The below given steps will be followed to construct the required triangle.$\\$ Step I: Draw a line segment $BC $ of $7 cm.$ At point $ B,$ draw an angle of $75^o$, say $\angle XBC.$ $\\$ Step II: Cut a line segment $ BD = 13 cm$ (that is equal to $AB + AC$) from the ray $BX.$ $\\$ Step III: Join $DC$ and make an angle $DCY $ equal to $BDC.$$\\$ Step IV: Let $CY$ intersect $BX$ at $A$. $\Delta ABC$ is the required triangle.

**7** **Construct a triangle $ABC$ in which $BC = 8 cm, \angle B = 45^o$ and $AB - AC = 3.5 cm.$**

The below given steps will be followed to draw the required triangle.$\\$ Step I: Draw the line segment $BC = 8 cm$ and at point $B$, make an angle of $45^o$, say $\angle XBC.$ $\\$ Step II: Cut the line segment $BD = 3.5 cm$ (equal to $AB - AC$) on ray $BX.$ Step III: Join $DC$ and draw the perpendicular bisector $PQ $ of $ DC.$$\\$ Step IV: Let it intersect $BX$ at point $ A$. Join $AC. \Delta ABC$ is the required triangle.

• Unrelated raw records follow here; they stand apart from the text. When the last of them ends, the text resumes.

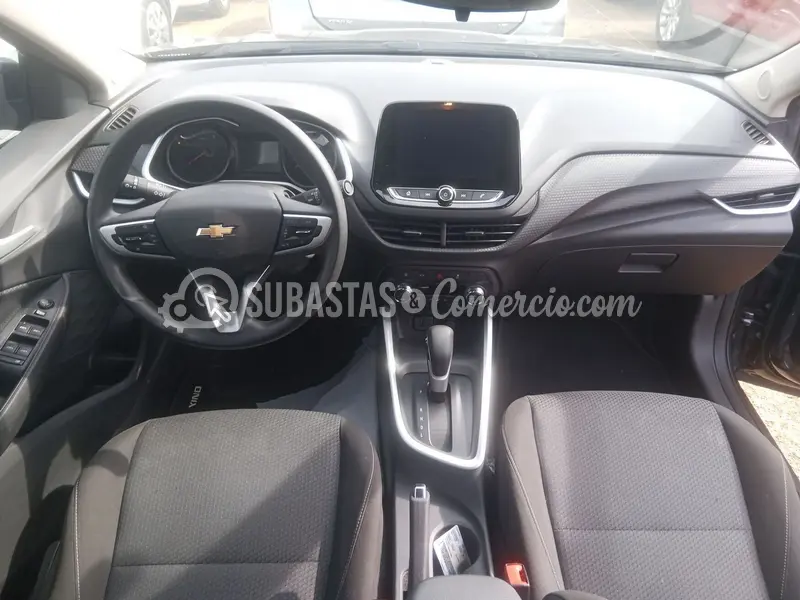 Chevrolet Onix nb lt turbo at - 2025 - 105 - Caldas — imagen 2 de 8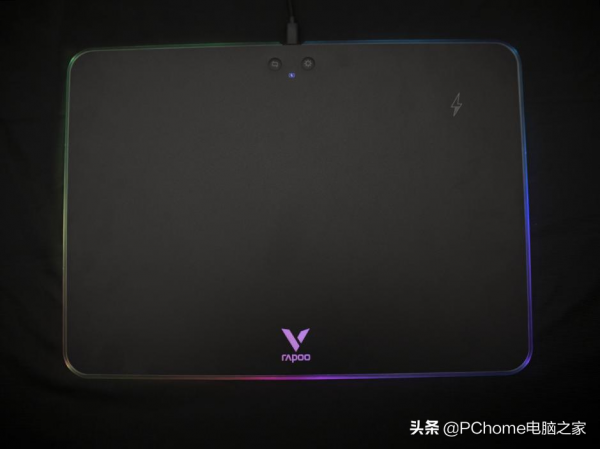 自帶炫酷燈效支援無線充電 雷柏V10 RGB滑鼠墊評測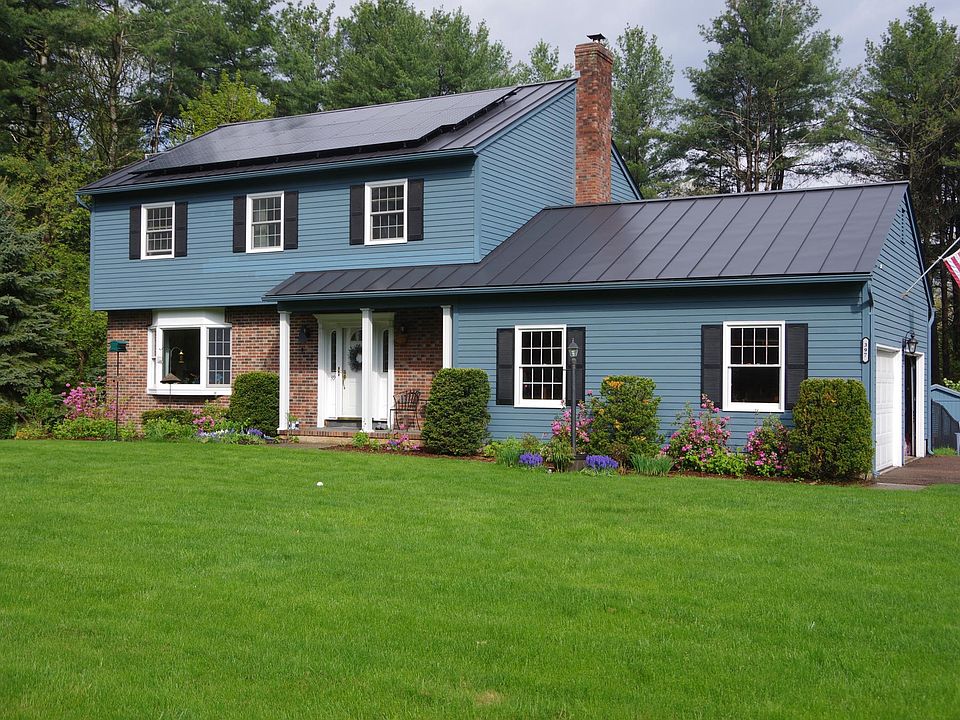 Colonial w/ 2 car garage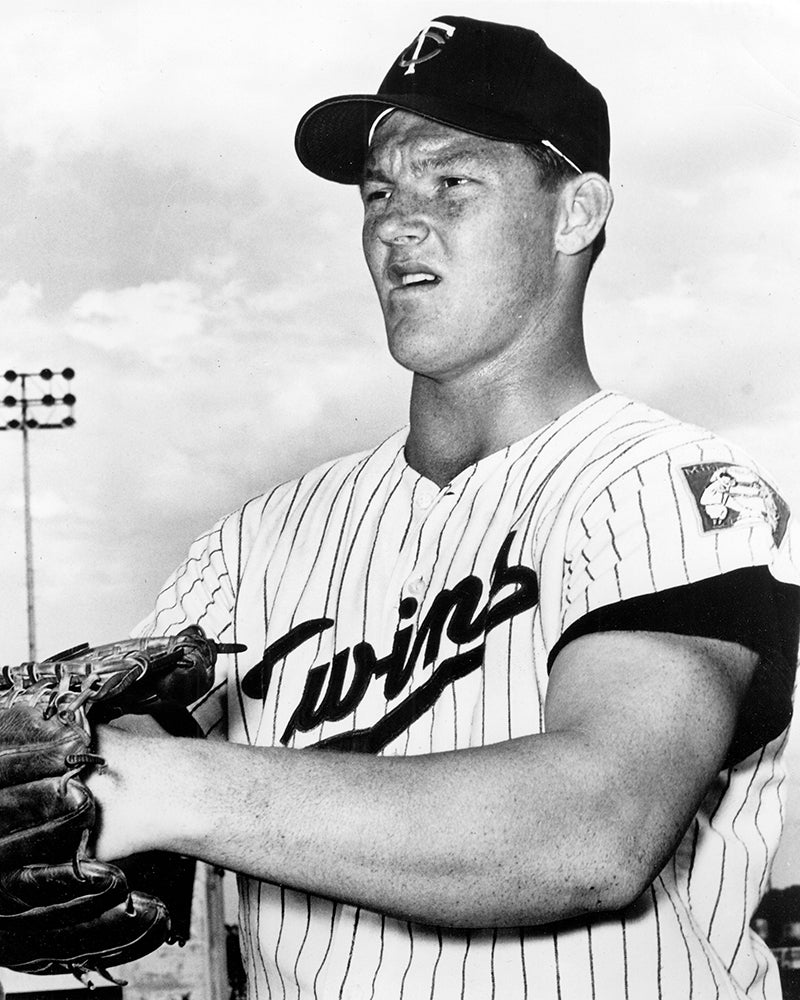 Head and shoulders portrait of Jim Kaat in Twins uniform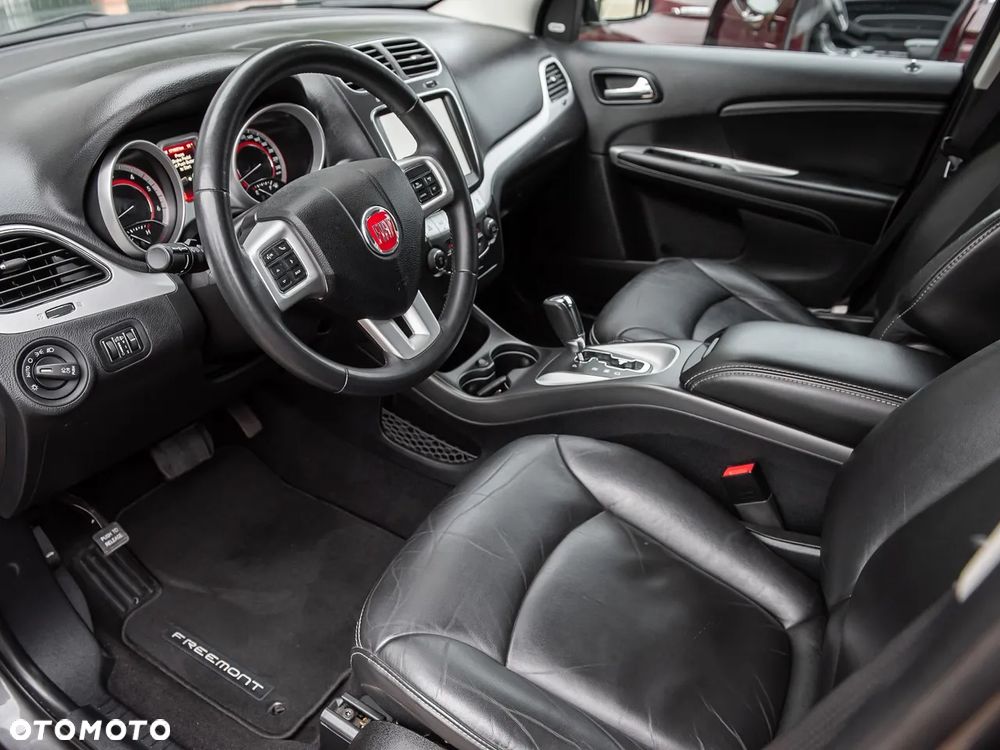 Fiat Freemont 2.0 Multijet 16V DPF Automatik Allrad Black Code - 15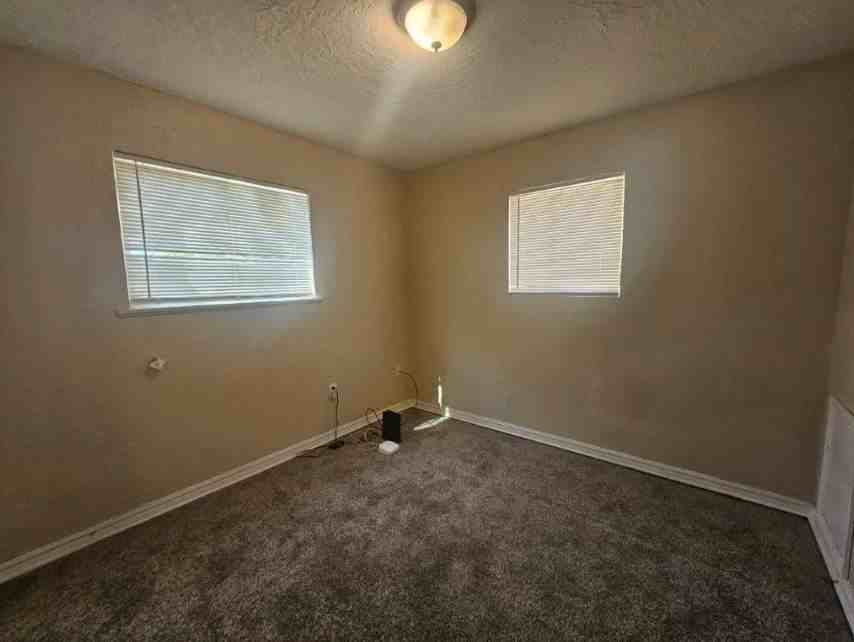 1410 Nw Ozmun Ave #NA - Photo 3 of 17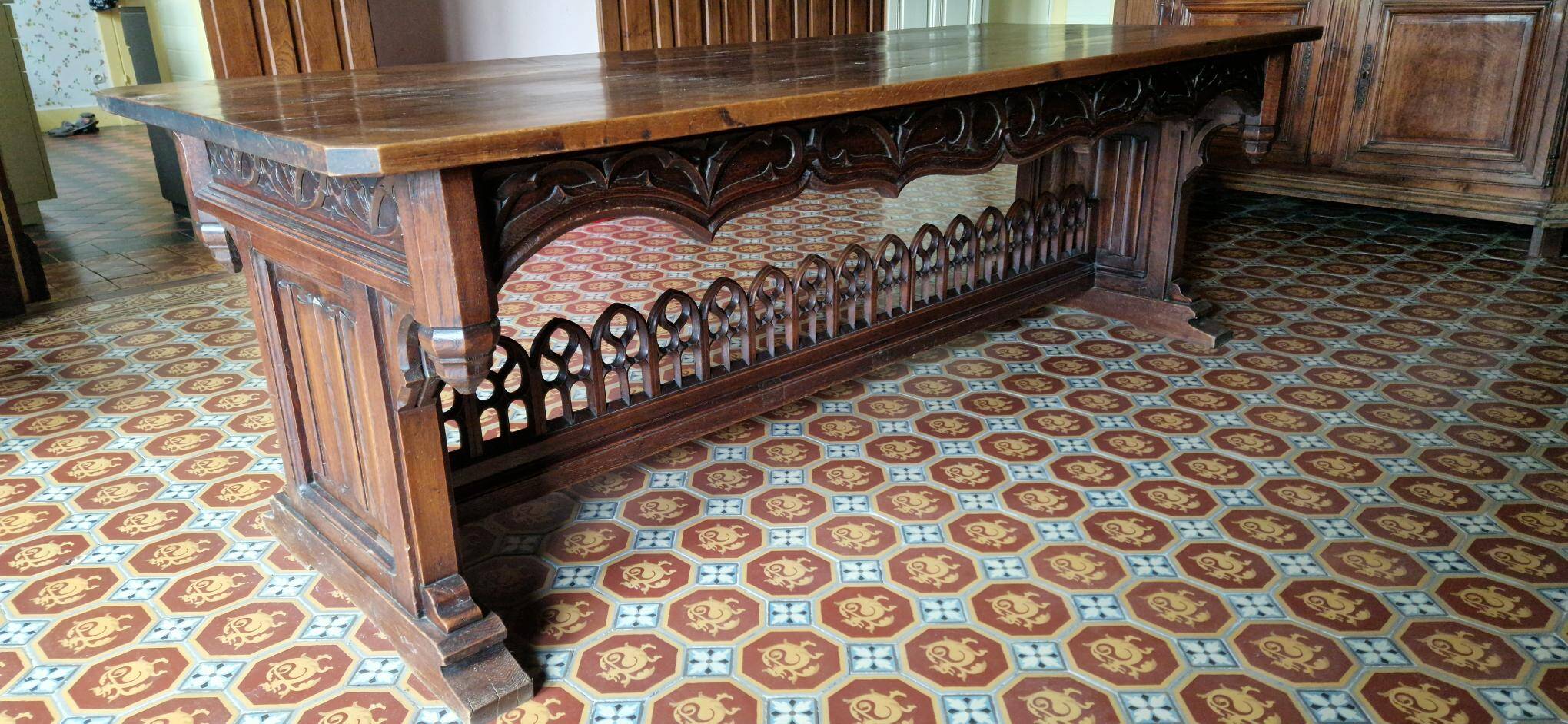 Très grande table en bois sculptée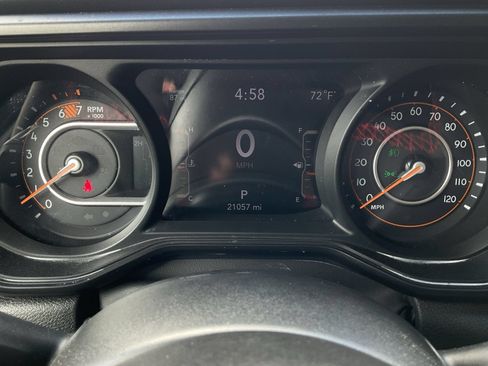 Used 2024 Jeep Wrangler Unlimited Rubicon AWD/4WD image 41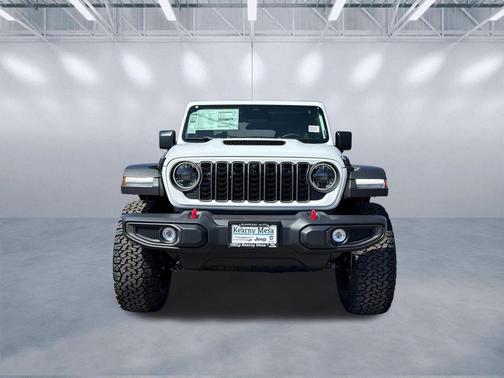 Bright White Clearcoat 2026 Jeep Wrangler Rubicon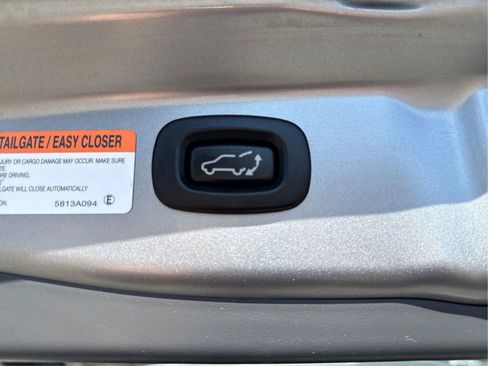 Used 2021 Mitsubishi Outlander SEL AWD/4WD image 35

**8** **Construct a triangle $PQR $ in which $QR = 6 cm, \angle Q = 60^o$ and $PR - PQ = 2 cm$**

The below given steps will be followed to construct the required triangle.$\\$ $\text{Step I:} $ Draw line segment $QR$ of $6 cm$. At point $Q$, draw an angle of $60^o$, say $\angle XQR.$$\\$ $\text{Step II:}$ Cut a line segment $QS$ of $2 cm$ from the line segment $QT $ extended in the opposite side of line segment $XQ.$ (As $PR > PQ$ and $PR - PQ = 2 cm$). Join SR.$\\$ $\text{Step III:}$ Draw perpendicular bisector $AB$ of line segment $SR$. Let it intersect $QX$ at point $P.$ Join $PQ, PR.$ $\\$ $\Delta PQR$ is the required triangle.$\\$

**9** **Construct a triangle $XYZ $ in which $\angle Y = 30^o, \angle Z = 90^o$ and $XY + YZ + ZX = 11 cm.$**

The below given steps will be followed to construct the required triangle.$\\$ $\text{Step I:}$ Draw a line segment $AB$ of $11 cm.$ $\\$ (As $XY + YZ + ZX = 11 cm$)$\\$ $\text{Step II:}$ Construct an angle, $\angle PAB,$ of $30^o$ at point $A$ and an angle, $\angle QBA,$ of $90^o $ at point $B.$ $\\$ $\text{Step III:}$ Bisect $\angle PAB$ and $\angle QBA.$ Let these bisectors intersect each other at point $X.$$\\$ $\text{Step IV:}$ Draw perpendicular bisector $ST$ of $AX$ and $UV$ of $BX.$$\\$ $\text{Step V:}$ Let $ST$ intersect $AB$ at $Y$ and $UV$ intersect $AB$ at $Z.$$\\$ Join $XY, XZ.$ $\\$ $\Delta XYZ$ is the required triangle.$\\$

**10** **Construct a right triangle whose base is $12 cm$ and sum of its hypotenuse and other side is $18 cm.$**

The below given steps will be followed to construct the required triangle.$\\$ $\text{Step I:}$ Draw line segment $AB$ of $12 cm.$ Draw a ray $AX$ making $90^o$ with $AB.$$\\$ $\text{Step II:}$ Cut a line segment $AD$ of $18 cm$ (as the sum of the other two sides is $18$) from ray $AX.$$\\$ $\text{Step III:}$ Join $DB$ and make an angle $DBY$ equal to $ADB.$$\\$ $\text{Step IV:}$ Let $BY$ intersect $ AX$ at $C.$ Join $AC, BC$.$\\$ $\Delta ABC$ is the required triangle.